-- Task prompt --
Before you reproduce the entries that follow, strip out any image they contain and keep the rest exact.

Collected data
◆ ◆ ◆
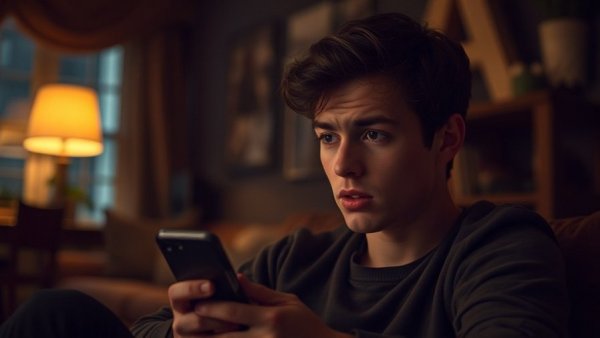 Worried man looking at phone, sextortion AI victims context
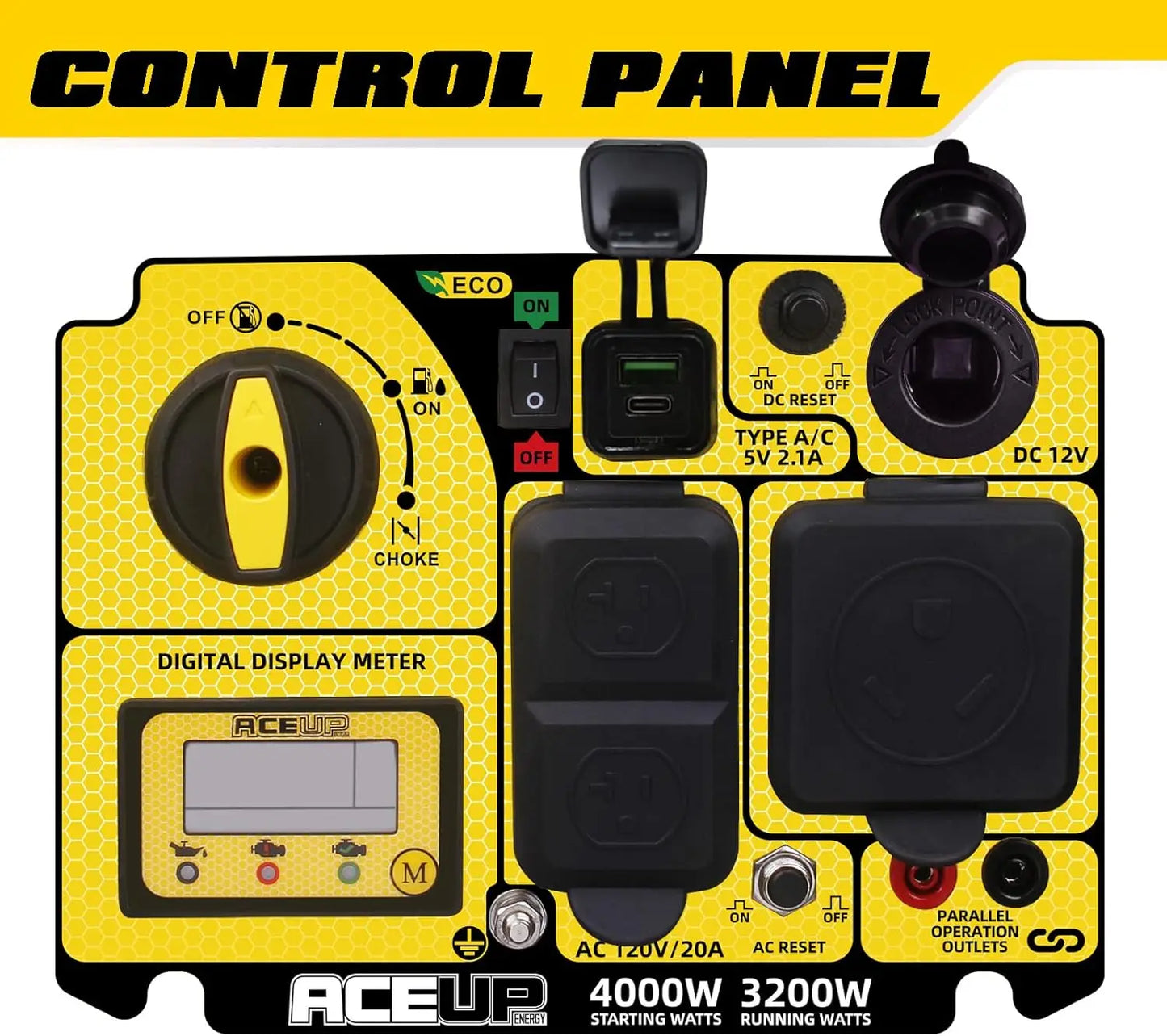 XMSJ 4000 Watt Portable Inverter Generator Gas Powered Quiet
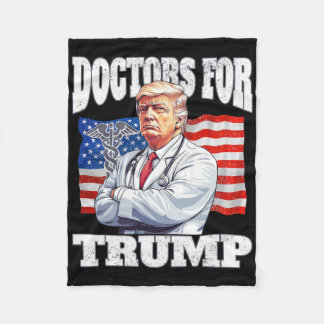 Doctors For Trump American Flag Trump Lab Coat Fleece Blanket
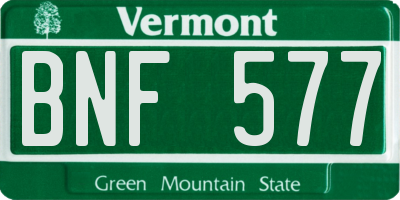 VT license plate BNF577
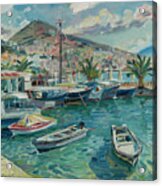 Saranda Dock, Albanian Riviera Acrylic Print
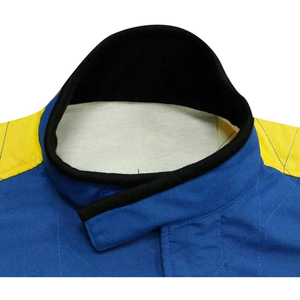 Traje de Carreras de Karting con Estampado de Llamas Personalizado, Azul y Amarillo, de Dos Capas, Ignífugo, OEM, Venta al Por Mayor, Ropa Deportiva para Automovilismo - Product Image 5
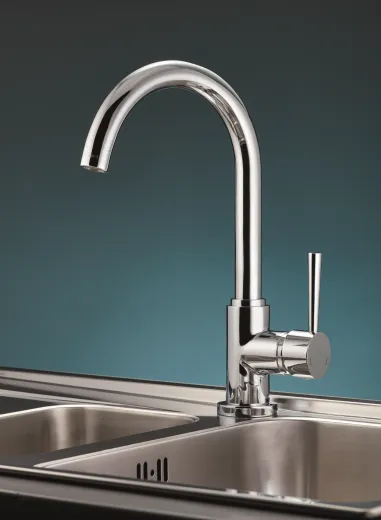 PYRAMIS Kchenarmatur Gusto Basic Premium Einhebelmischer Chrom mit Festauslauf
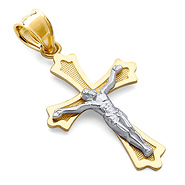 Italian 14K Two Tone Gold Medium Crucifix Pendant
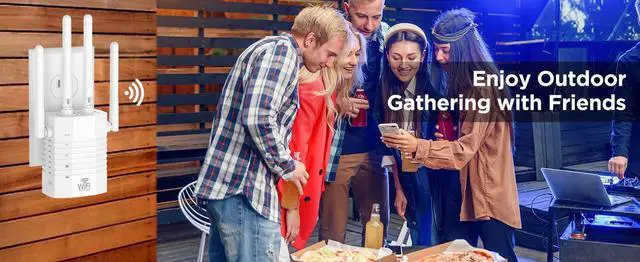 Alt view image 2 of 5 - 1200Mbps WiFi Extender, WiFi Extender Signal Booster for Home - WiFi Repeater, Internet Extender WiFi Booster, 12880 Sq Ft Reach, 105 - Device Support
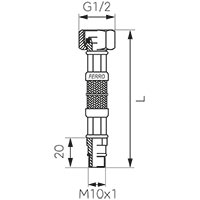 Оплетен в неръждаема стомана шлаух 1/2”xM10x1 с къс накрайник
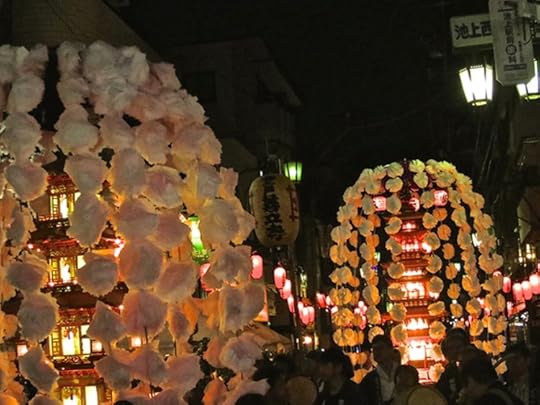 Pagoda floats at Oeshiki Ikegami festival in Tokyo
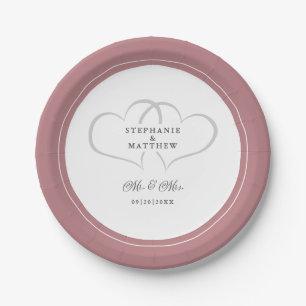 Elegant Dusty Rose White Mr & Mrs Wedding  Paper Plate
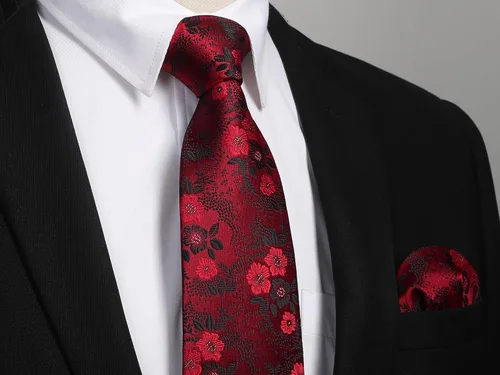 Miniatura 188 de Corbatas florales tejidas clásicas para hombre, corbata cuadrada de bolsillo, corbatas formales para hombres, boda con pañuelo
◆ ◆ ◆
-- Response to this exercise --
 Worried man looking at phone, sextortion AI victims context
 XMSJ 4000 Watt Portable Inverter Generator Gas Powered Quiet
 Doctors For Trump American Flag Trump Lab Coat Fleece Blanket
 VT license plate BNF577
 Saranda Dock, Albanian Riviera Acrylic Print
 Traje de Carreras de Karting con Estampado de Llamas Personalizado, Azul y Amarillo, de Dos Capas, Ignífugo, OEM, Venta al Por Mayor, Ropa Deportiva para Automovilismo - Product Image 5
 PYRAMIS Kchenarmatur Gusto Basic Premium Einhebelmischer Chrom mit Festauslauf
 Italian 14K Two Tone Gold Medium Crucifix Pendant
 Alt view image 2 of 5 - 1200Mbps WiFi Extender, WiFi Extender Signal Booster for Home - WiFi Repeater, Internet Extender WiFi Booster, 12880 Sq Ft Reach, 105 - Device Support
 Оплетен в неръждаема стомана шлаух 1/2”xM10x1 с къс накрайник
 Pagoda floats at Oeshiki Ikegami festival in Tokyo
 Elegant Dusty Rose White Mr & Mrs Wedding  Paper Plate
 Miniatura 188 de Corbatas florales tejidas clásicas para hombre, corbata cuadrada de bolsillo, corbatas formales para hombres, boda con pañuelo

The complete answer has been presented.